As the weather cools down and fall produce starts filling our grocery aisles, I’m excited to share one of my favorite nourishing seasonal meals featuring honey nut squash, purple sweet potatoes, onions, and lean ground turkey. Not only is this dish packed with flavor, but it's also full of essential nutrients that your body will thank you for!
Breaking Down the Ingredients: A Nutritional Powerhouse
This dish starts with 99% lean ground turkey, a fantastic protein source that supports muscle maintenance while keeping the fat content low. With 22 grams of protein per serving, turkey is ideal for those looking to keep their meals lean but satisfying.
Next up, onions. While they may seem like a simple flavor enhancer, onions are rich in antioxidants and vitamin C, which play a role in boosting your immune system and protecting your body from oxidative stress.
The stars of this dish are the colorful honey nut squash and purple sweet potatoes. Both are rich in fiber, helping with digestion and keeping you fuller longer. Honey nut squash is a great source of beta-carotene, which converts to vitamin A in your body—important for eye health and immune support. Meanwhile, purple sweet potatoes aren’t just pretty to look at; they’re packed with anthocyanins, a type of antioxidant that supports heart health and reduces inflammation.
Healthy Cooking with Avocado Oil and Fresh Herbs
To keep things healthy and flavorful, I sautéed everything in Primal Kitchen avocado oil, which is perfect for high-heat cooking. Avocado oil is loaded with heart-healthy fats that can help reduce LDL "bad" cholesterol levels and promote better cardiovascular health.
A handful of fresh rosemary not only adds fragrance to the dish but also brings along its own set of health benefits, such as anti-inflammatory compounds and antioxidants that support overall wellness.

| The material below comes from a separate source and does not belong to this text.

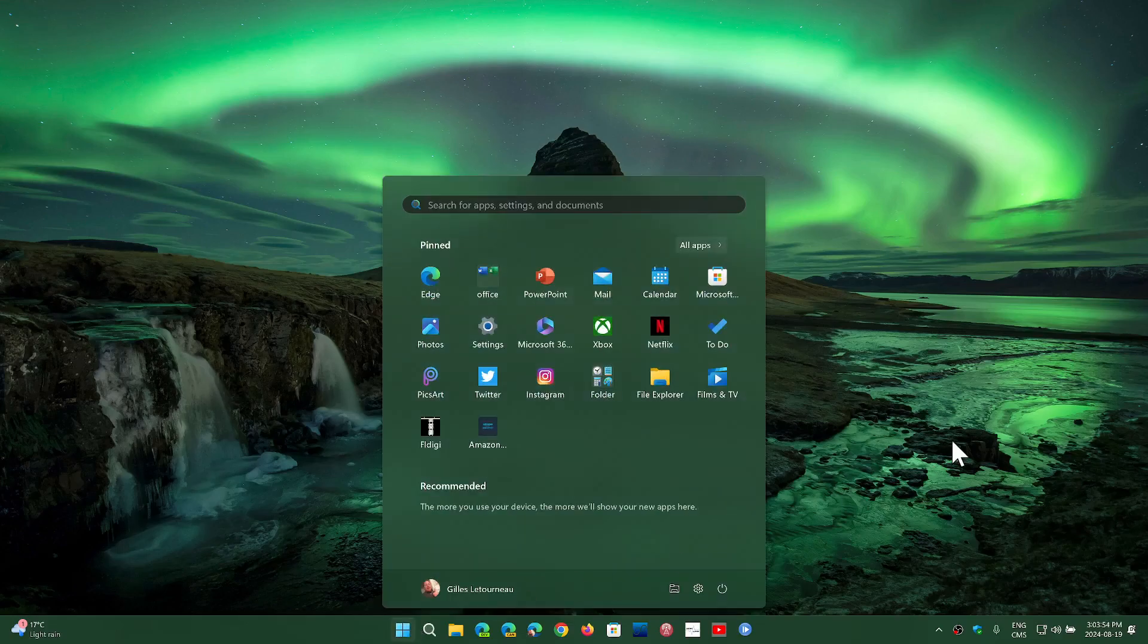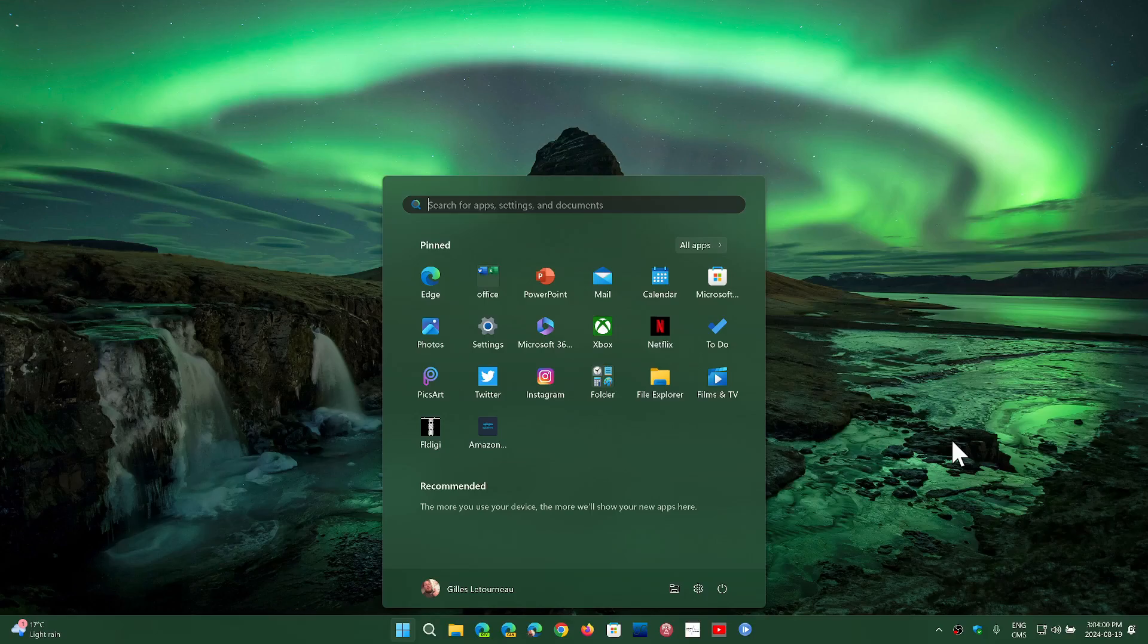It's one of the main features that was announced for the Windows Copilot Plus PCs. It was supposed to be in these machines when they came out with the ARM processor, the Qualcomm Snapdragon X-Elite. And nope, they had mentioned that it wouldn't be there.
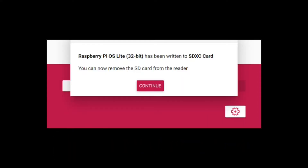Now the card is finished writing, so we can remove it from the system and put it into the Raspberry Pi and get it booted up.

A Sweet and Nutritious Sauce to Finish
To tie it all together, I drizzled a warm sauce made from honey, butter, and cinnamon over the dish. Honey is a natural source of antioxidants and provides a subtle sweetness that complements the fall flavors, while cinnamon can help regulate blood sugar levels and is a delicious, warming spice perfect for autumn.

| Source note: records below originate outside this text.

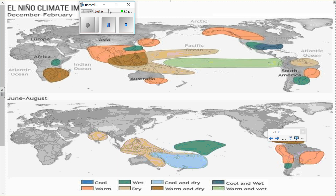During El Niño conditions, weather patterns change significantly. There is a wetter climate in the northwestern part of South America and also in the southern part of North America — the southwest areas like Texas, the Gulf States, and Florida. Australia experiences warmer and drier conditions. Looking toward Africa, the southeastern half of Africa also sees warm and dry conditions. These effects occur during the winter months of December through February.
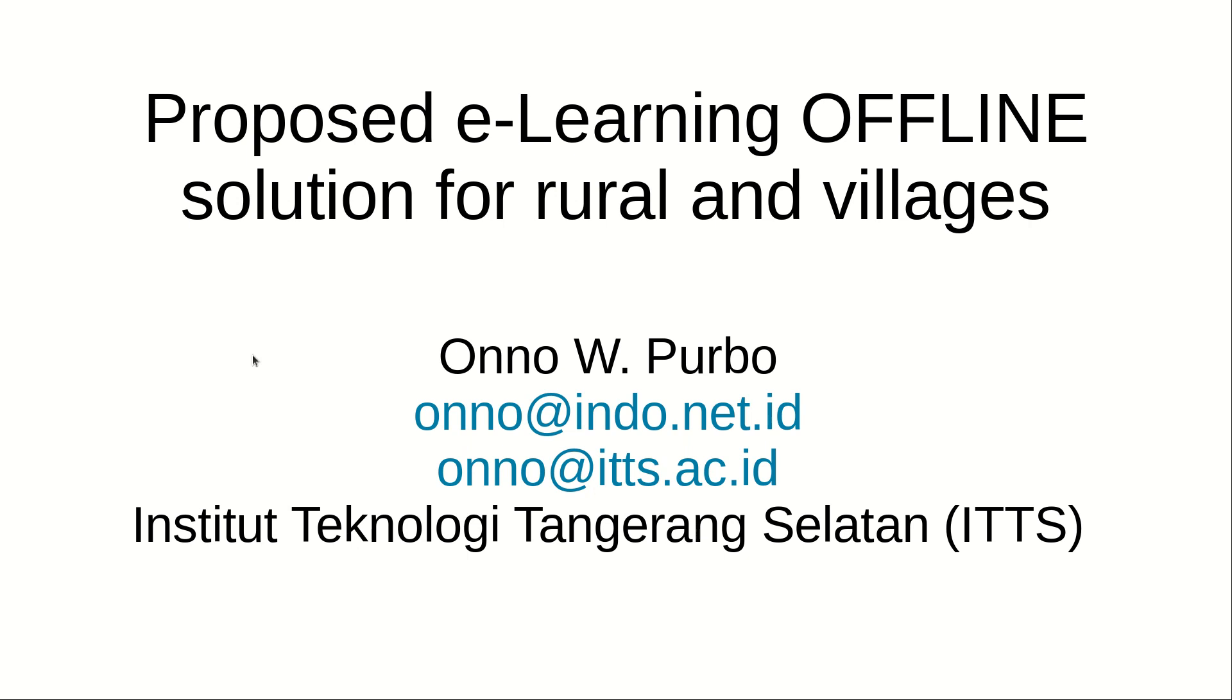Good morning, good afternoon, good evening. My name is Ono Purbo. Thank you very much for the opportunity to share some of our work in this conference. The current work is called a proposed e-learning offline solution for rural and villages.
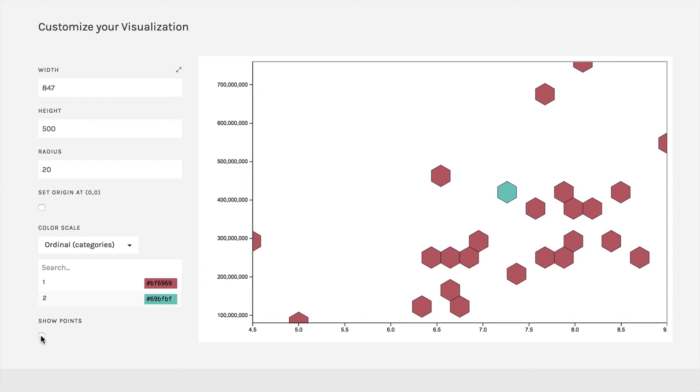But it also gives some nice structure to it, and it might be a little easier to read depending on your data set. And so a hexagonal binning scatterplot can be a very useful alternative in Raw.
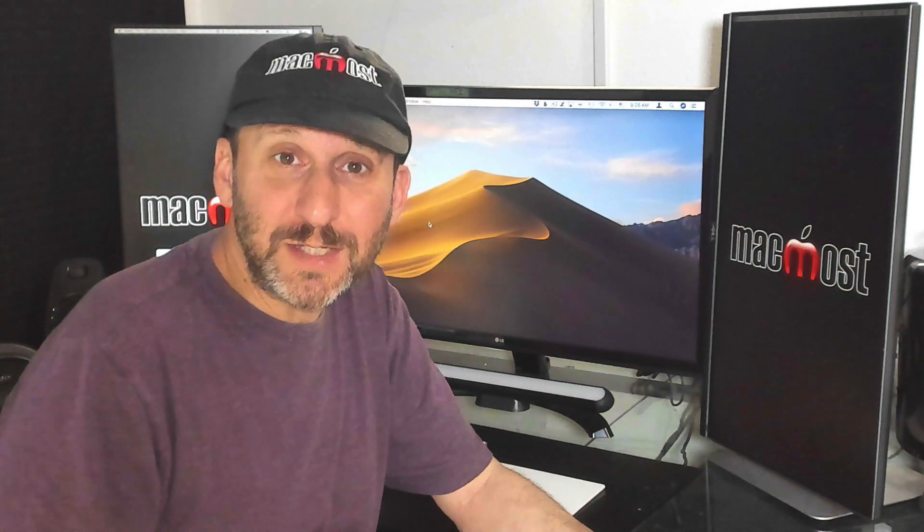Hi, this is Gary with MacMost.com. On this episode I'm going to show you why you never need to use the yellow minimize button to hide windows.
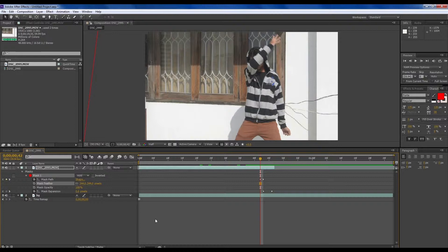Then move 1, 2, 3 frames and turn mask expansion down. And the character just disappeared. But it doesn't look so good, so feather it a bit. Turn the mask feather down.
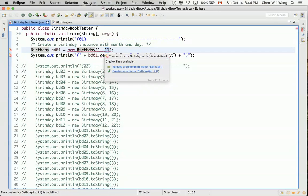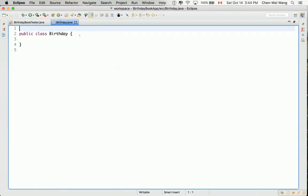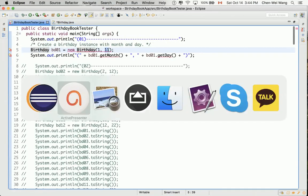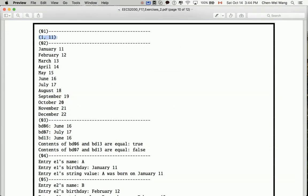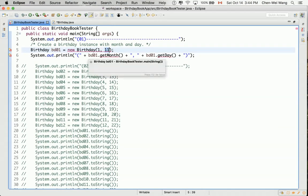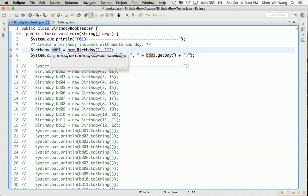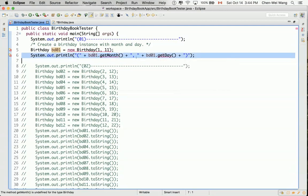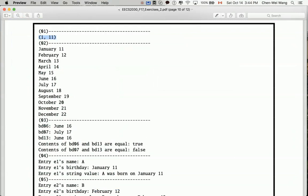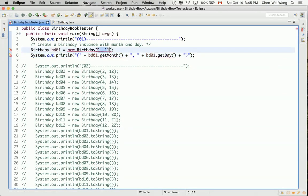We need to create a constructor with two integers. Looking at the expected output, it should be 1 and 11. We're trying to create a Birthday object and store its address into bd01. We can query bd01 for its month and day. Comparing with the expected output, the month should be 1 and the day should be 11, so the argument 1 represents the month and 11 represents the day. We also need to make sure the arguments are properly stored as attribute values.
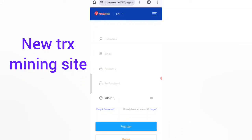Hey guys, welcome back to my new video. Today I will discuss a new USDT earning website where you can earn lots of USDT with cloud mining. First, click on the description link to find the website.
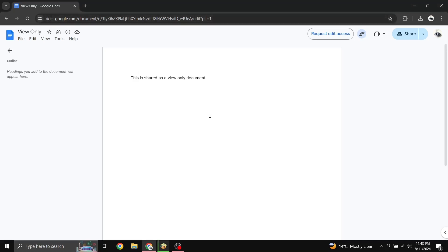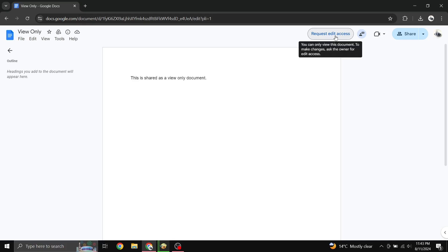If you are trying to work on a Google Doc that you did not create, you may not be able to make any edits because the owner of the Doc has only given you view access. The easiest way to get around this is to click on the Request Edit Access button on the top right-hand side of the Doc.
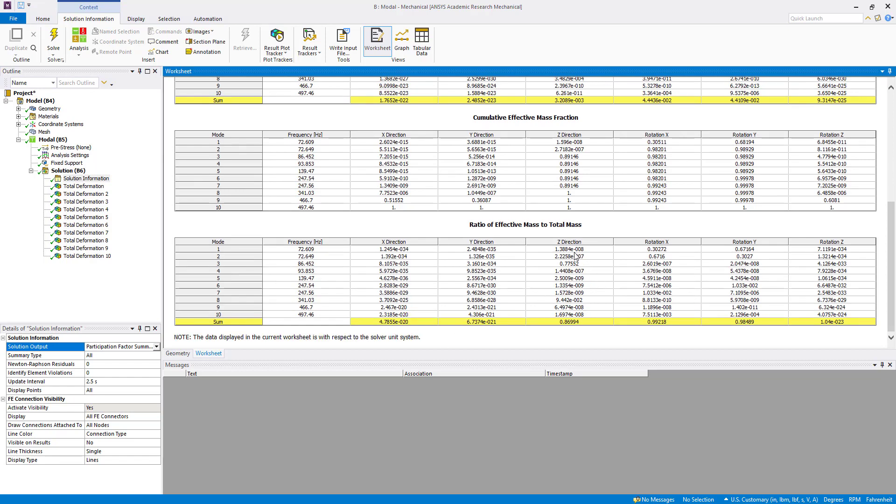The sum should be more than 90%, more than 90 percent means 0.90. So here also we can see the maximum participating ratio of effective mass to total mass is for mode 3 and mode 8.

The Perfect Balance of Protein, Fiber, and Fall Flavor
This dish is a perfect example of how you can create a balanced meal that’s both nutritious and satisfying. With lean protein, fiber-rich vegetables, and healthy fats, it will keep you fueled and energized. Plus, the variety of vitamins, minerals, and antioxidants make it a wholesome option for your fall meal rotation.
Recipe Recap:
Lean Ground Turkey: High in protein, low in fat
Honey Nut Squash: Rich in beta-carotene for eye health
Purple Sweet Potatoes: Packed with fiber and anthocyanins for heart health
Onions: Provide antioxidants and immune support
Avocado Oil: Heart-healthy fats for cooking
Rosemary: Anti-inflammatory and antioxidant-rich
Sweet Sauce: Honey for antioxidants, cinnamon for blood sugar support
This dish not only highlights fall flavors but also packs a nutritional punch that will leave you feeling satisfied and nourished. Give it a try, and let me know what you think!